Sky Halcyon: your post subject scared the **** out of me. Now for the love of God, next time please mention it's the wheel... I opened the thread thinking your hedgie was dying! :shock: :shock:


----------



## firephoenixla (Sep 13, 2010)

...I think the same thing is going on with Paprika's CSW.. it's ever so slightly pushed back on the bolt.. but not as bad looking as yours.. I haven't been able to push it all the way back to the front yet.. but I did find something that slightly helped.. those two metal disks in the back that flank the pvc pipe kept getting in the way of my maximum nut tightening abilities.. so I removed the metal disk closest to the wheel, tightened the bolt as much as I could by hand since no tools could fit in that space, and then wrapped a hairband around the bolt to fill the remaining space between the nut and the pvc pipe.. I didn't know if it would actually make a difference.. but then that night paprika ran and amazingly it cut the noise down level (rattling sound) down by about 80% which was SOOO much better than before!
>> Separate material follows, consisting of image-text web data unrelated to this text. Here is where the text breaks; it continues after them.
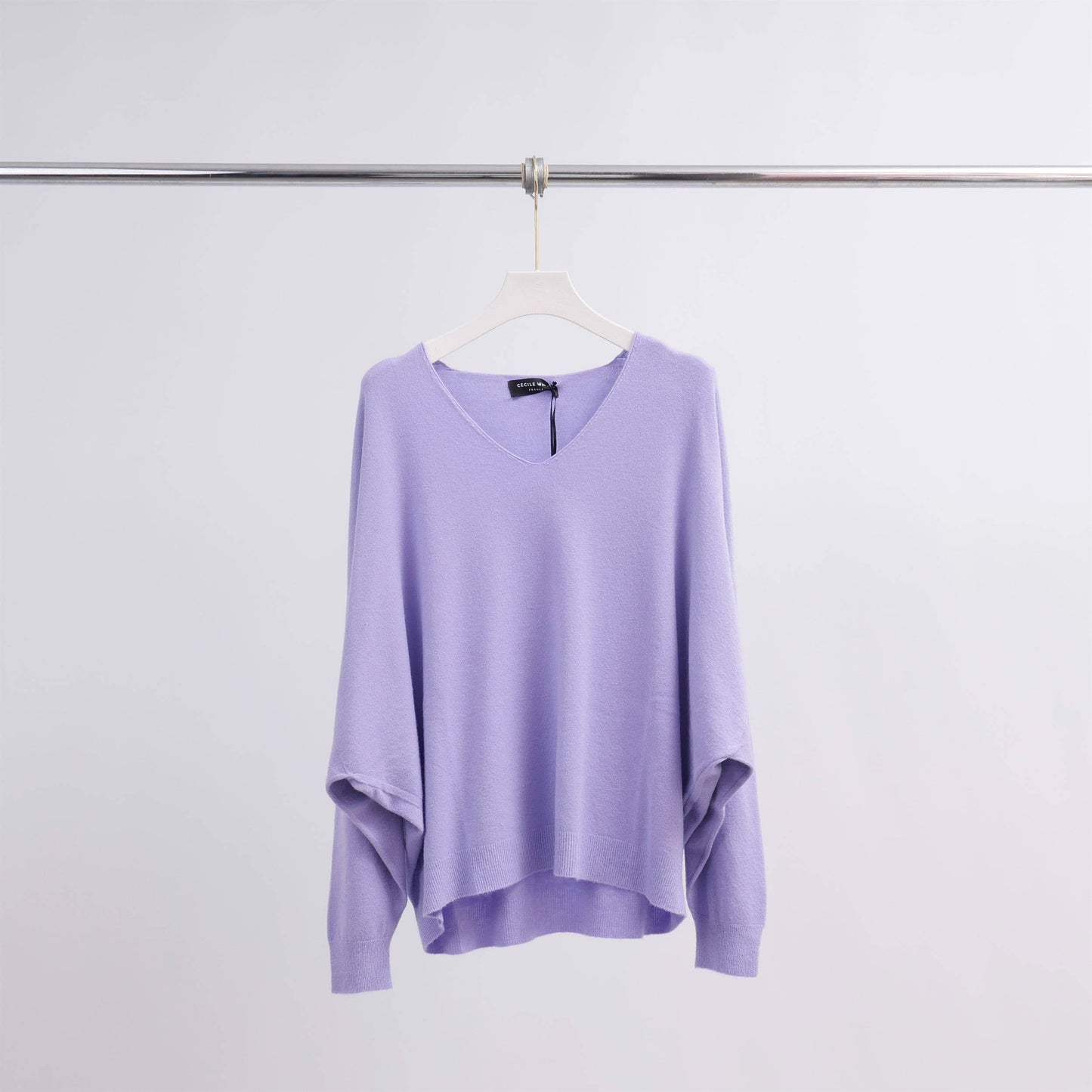 Maglione oversize con scollo a V in misto viscosa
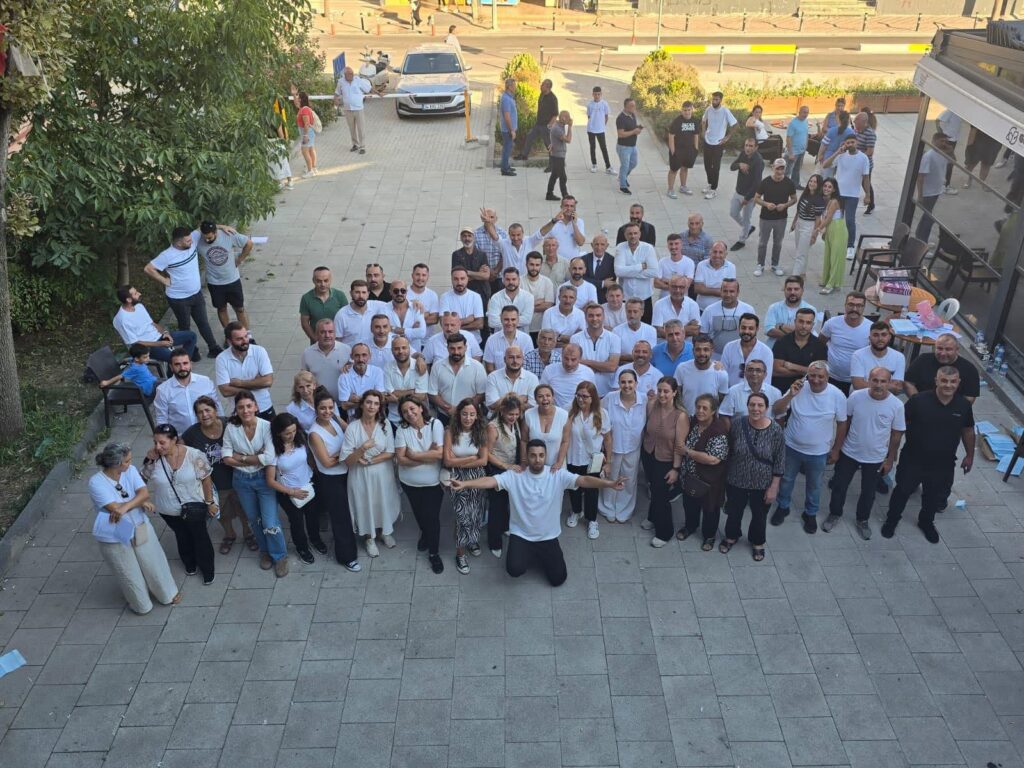 Hürriyet mahallesi delegelerini seçti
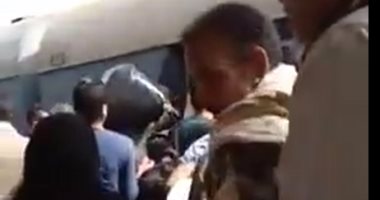 فيديو.. تكدس الركاب بمحطة أسيوط لاستقلال قطار 185 القادم للقاهرة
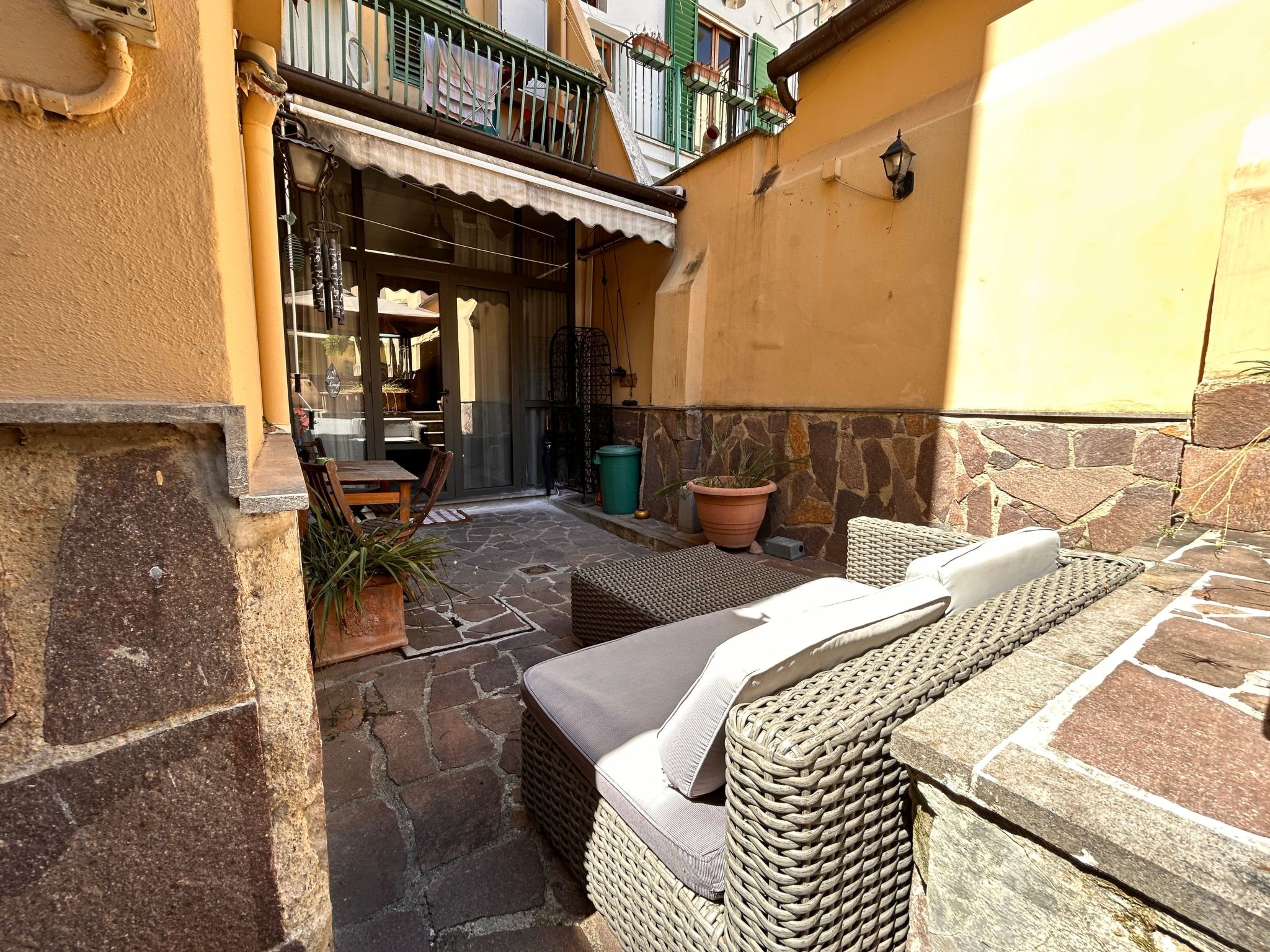 Zwei Schlafzimmer mit Garten und Whirlpool-Dedans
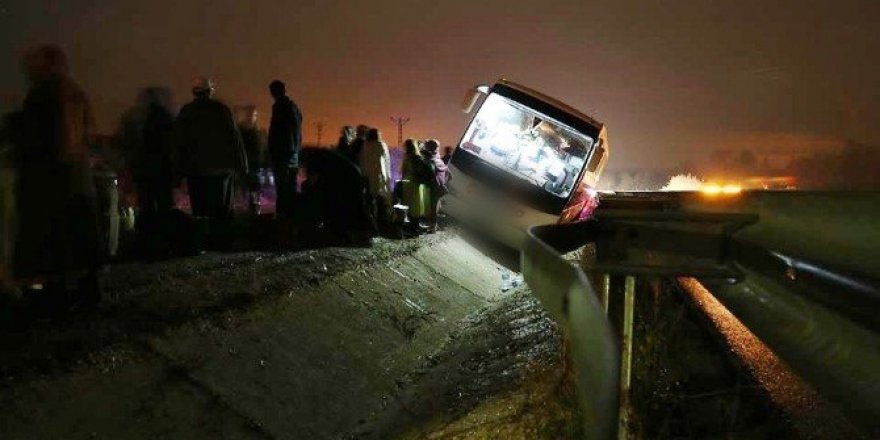 Yoldan çıkan otobüs bariyerlere yaslanarak durabildi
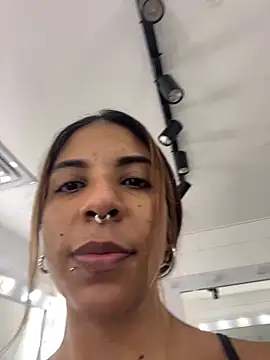 VioletaHills  online show from April 8, 12:16 pm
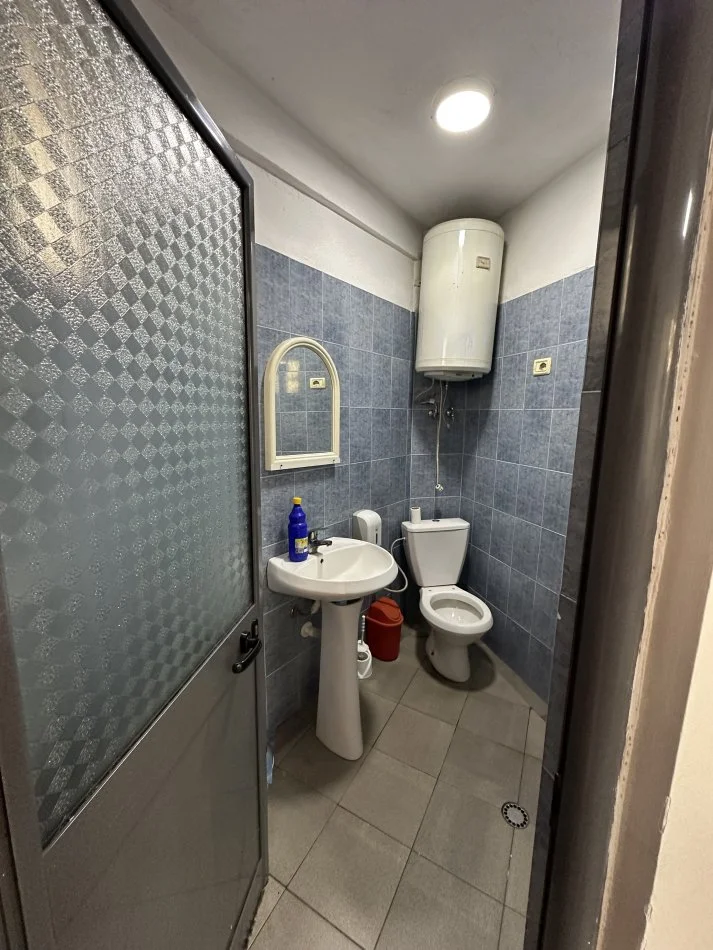 Tirane, jepet me qera ambjent biznesi Kati 0, 55 m² 400 € (Rruga Sotir Kolea)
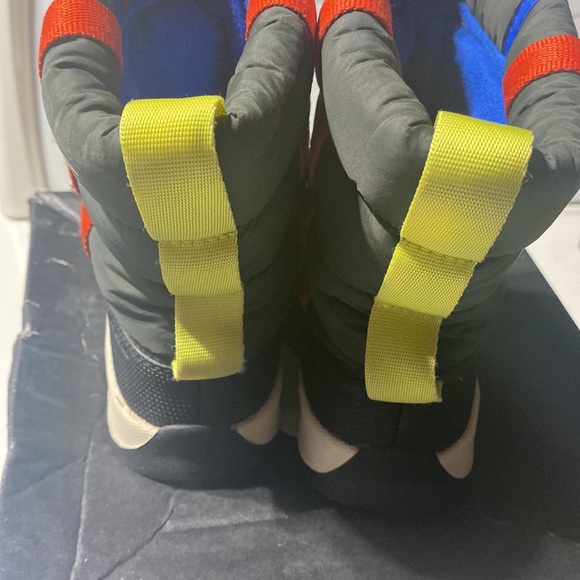 Sorel Whitney II - Picture 4 of 4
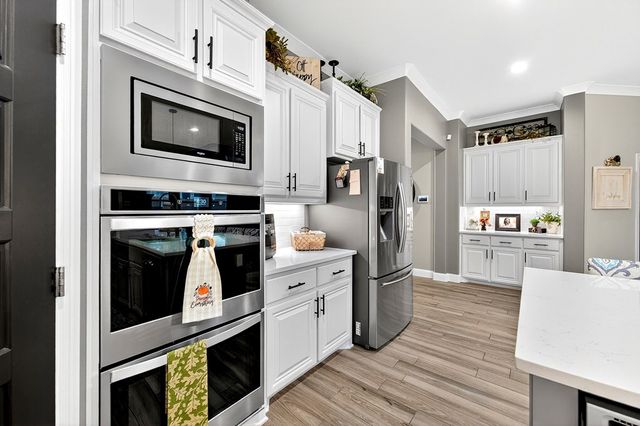 6011 Choctaw Ct, Midland, TX 79705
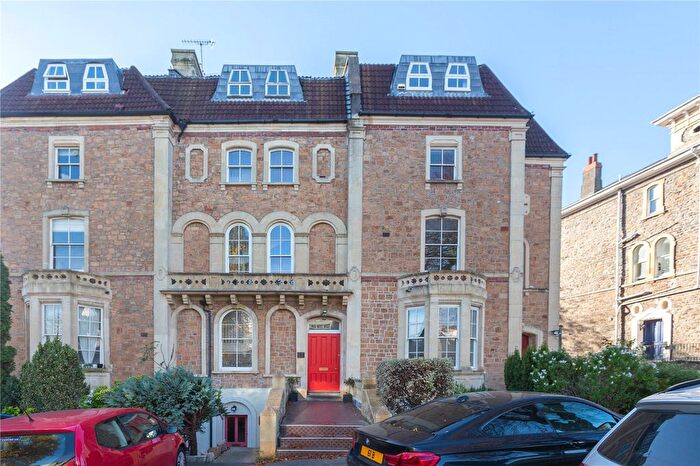 2 Bedroom Flat To Rent In Oakfield Grove, Clifton, Bristol, BS8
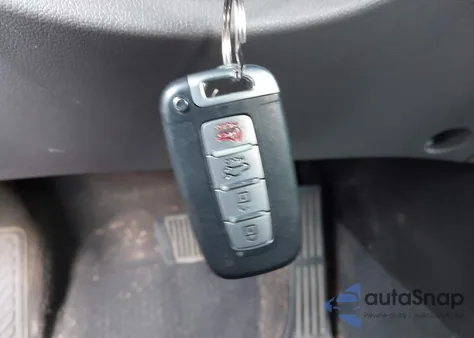 2013 Hyundai Sonata Hybrid Limited from USA, damaged, VIN KMHEC4A46DA051021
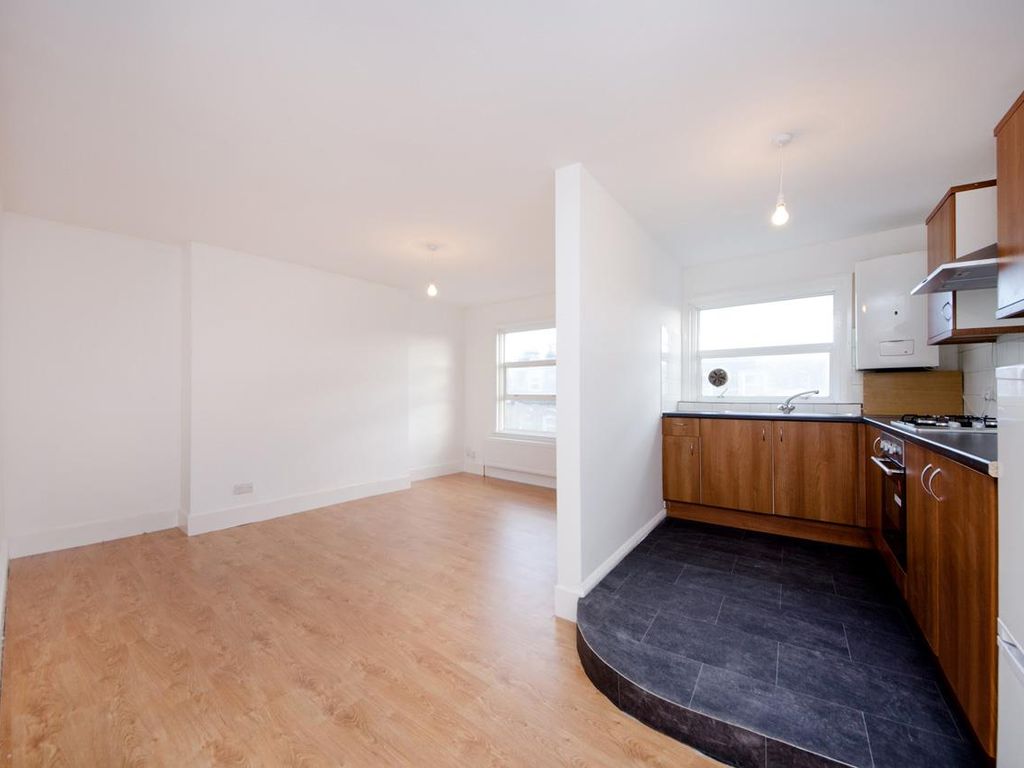 1 bed flat to rent in Hornsey Road, London N19, £1,400 pcm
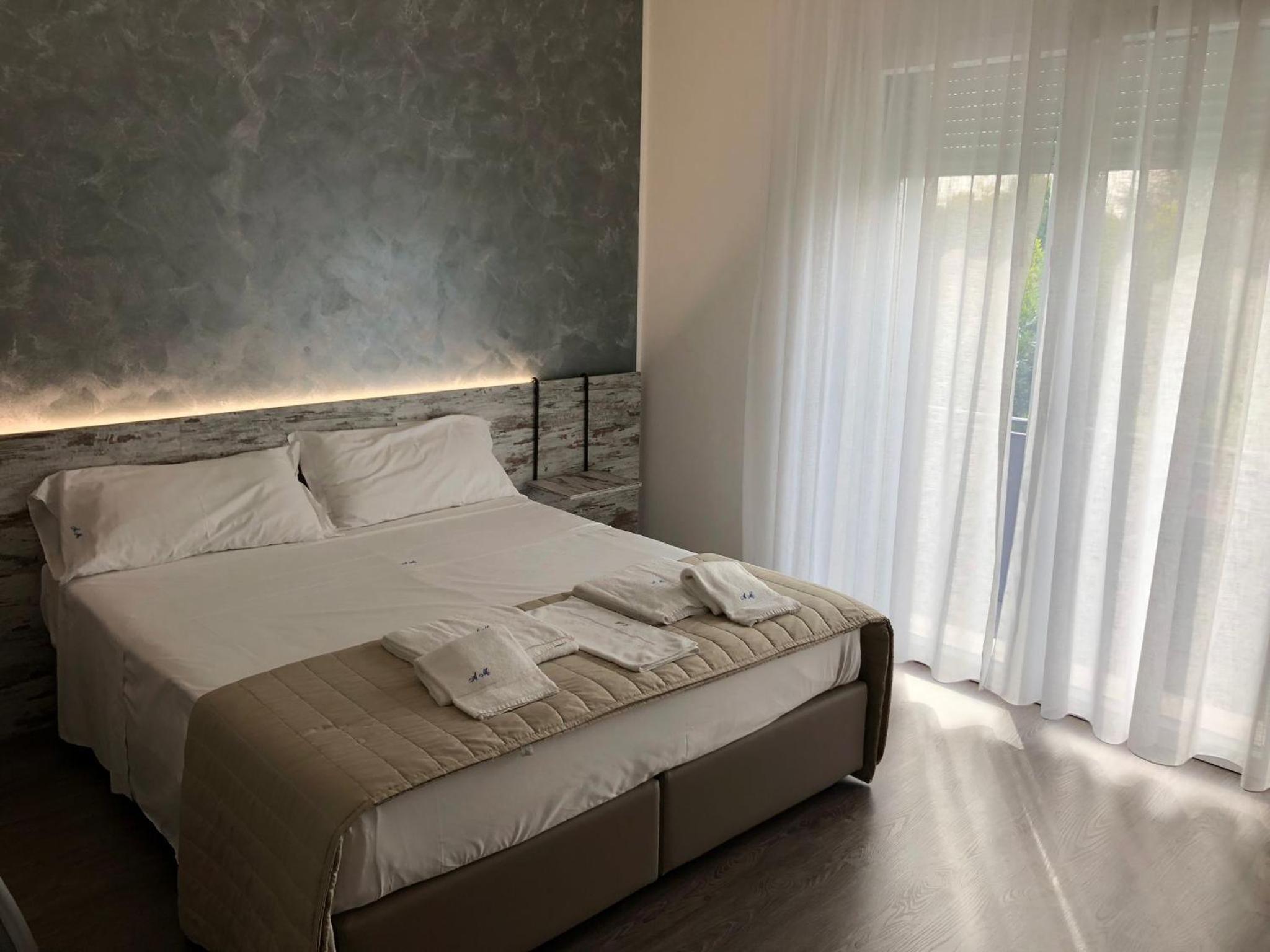 Double Room with Private Bathroom photo 2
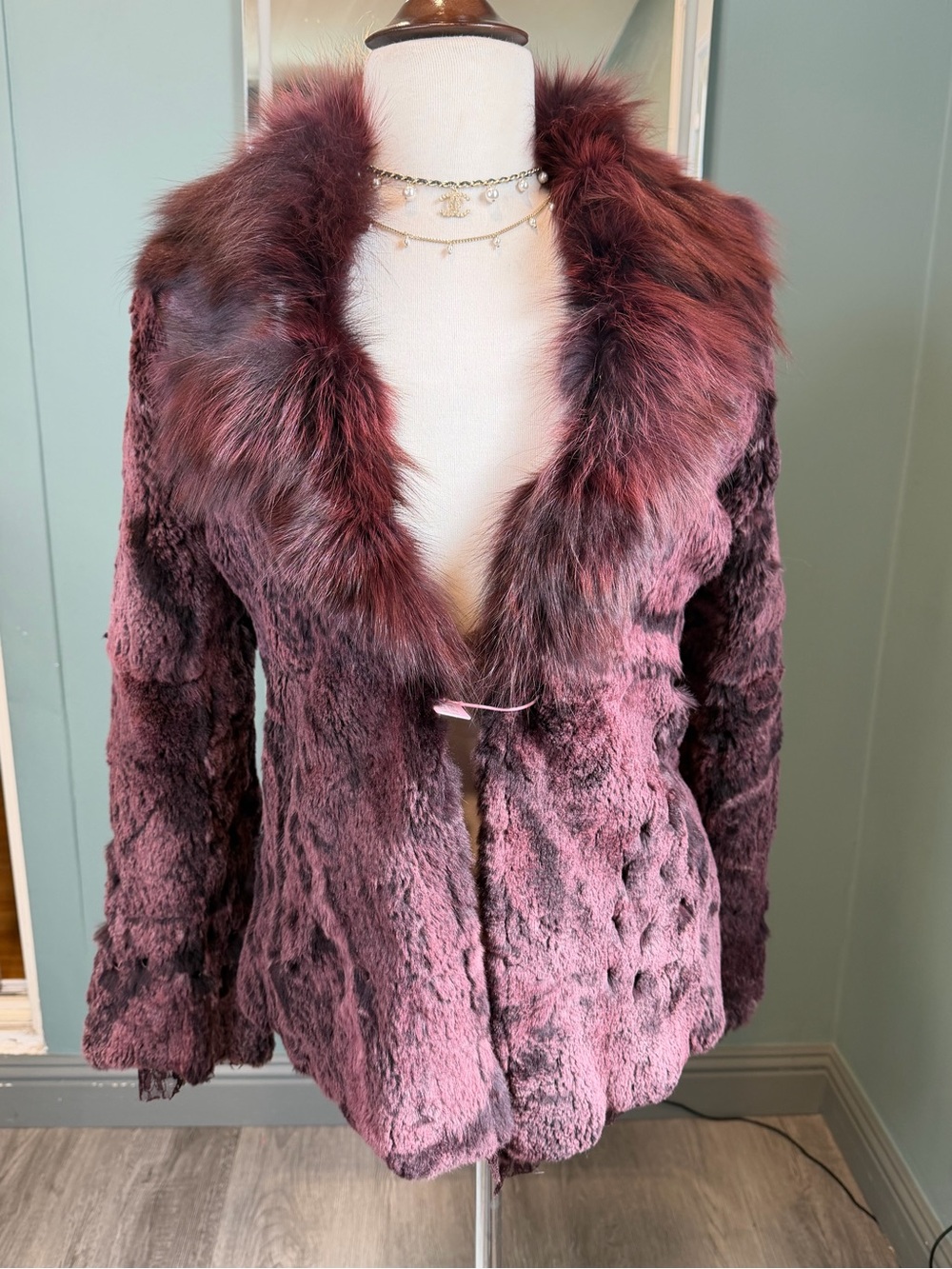 Vintage Burgundy Rabbit Fur Coat Fox Fur Collar Cutout Fitted XS/XXS
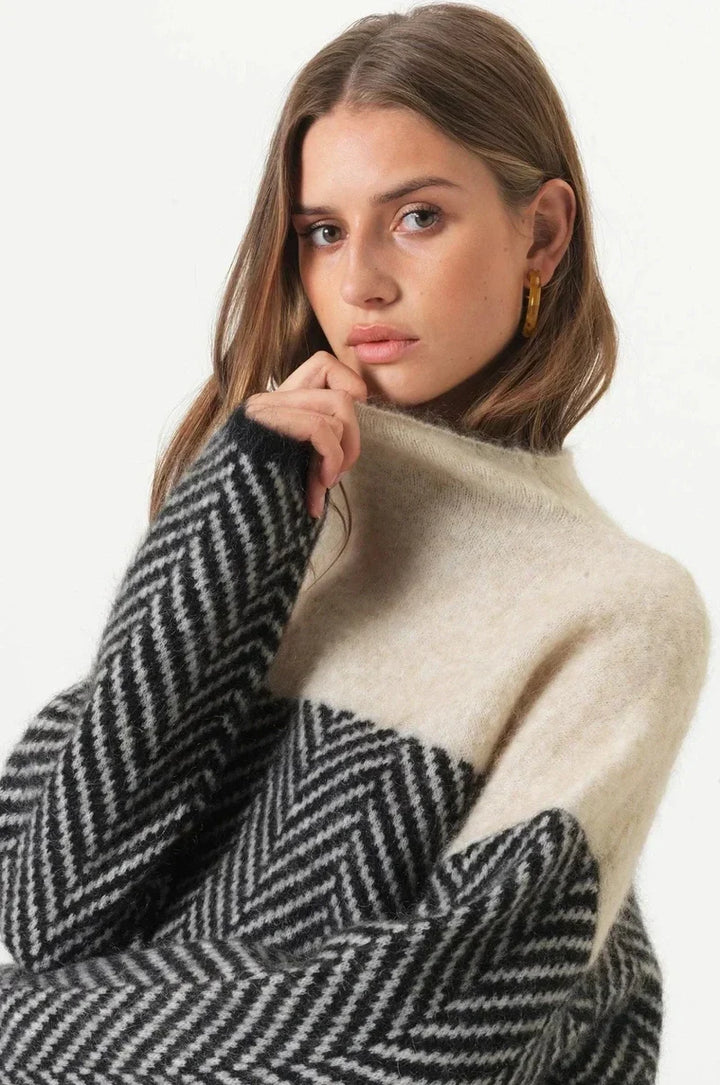 Women's Chevron Colourblock Knit Jumper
I have no idea why it worked but it did.. so I'm going to keep tightening and wrapping it and praying it continues to keep the noise level down so I can sleep at night (the ear plugs I wear everynight now help too tho)!


----------



## MissC (Nov 15, 2010)

Nothing to add 'cept: That pic of Paprika is still the best ever!! Really, there should be some kind of award for that one! She looks so innocent. aaaawwww.....


----------



## firephoenixla (Sep 13, 2010)

haha, thanks! I am really glad that I took the time to traumatize her for life by taking those pictures of her! :lol:


----------



## MissC (Nov 15, 2010)

firephoenixla said:


> haha, thanks! I am really glad that I took the time to traumatize her for life by taking those pictures of her! :lol:


Pah! Whatever you had to do, it was totally worth it!
(Please don't tell me how you got everything to stay in place, tho, k?) 
:shock: 
Prolly best I don't know.  cuz...I have this cute little army helmet... :twisted:


----------